To celebrate passing 1 million registered users, you can now download and play Need for Speed World for free.

http://world.needforspeed.com/

----------


## Logical

The game looks great, but its a 700MB file :O

----------


## Geo

That what broadband's for!  :Smile:

----------


## Niall Fernie

Anyone know if you can choose the install folder as I dont have that much space on my windows partition?

----------


## Logical

The initial download is only a few MB and only downloads the download manager. You can probably choose where this saves depending on your browser, Firefox places it in your normal downloads folder. 

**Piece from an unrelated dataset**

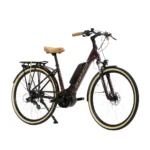 E-URBAN 10 - Ville GRANVILLE - BOSCH Performance 65Nm/500Wh – Image 17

Once you have that I think you can specify a folder location in the download manager.

Hope this helps :Wink:

----------


## Niall Fernie

It's not the inital download that bothers me its where the game installed afterwards. I've only got about 900mb free on my windows partition but oodles of space elsewhere.

----------


## Logical

Just checked, its one of the first options. Something along the lines of:
Welcome to EA setup wizard,
Accept License agreement,
Select Destination Folder....

----------


## Niall Fernie

Yup, thanks, got it installed now, just need it to stop crashing and I'll be a happy racer.

----------


## Niall Fernie

Whoop, it seems to be all working fine now, pity the servers don't seem to have enough capacity and are quite often full.

Pursuit Mode is great fun and I'm hoping that if you keep running long enough they bring out the helicopters like they used to in NFS of old.

----------


## Niall Fernie

Has anyone played much of this game yet? i.e has anyone managed to buy a second car?

----------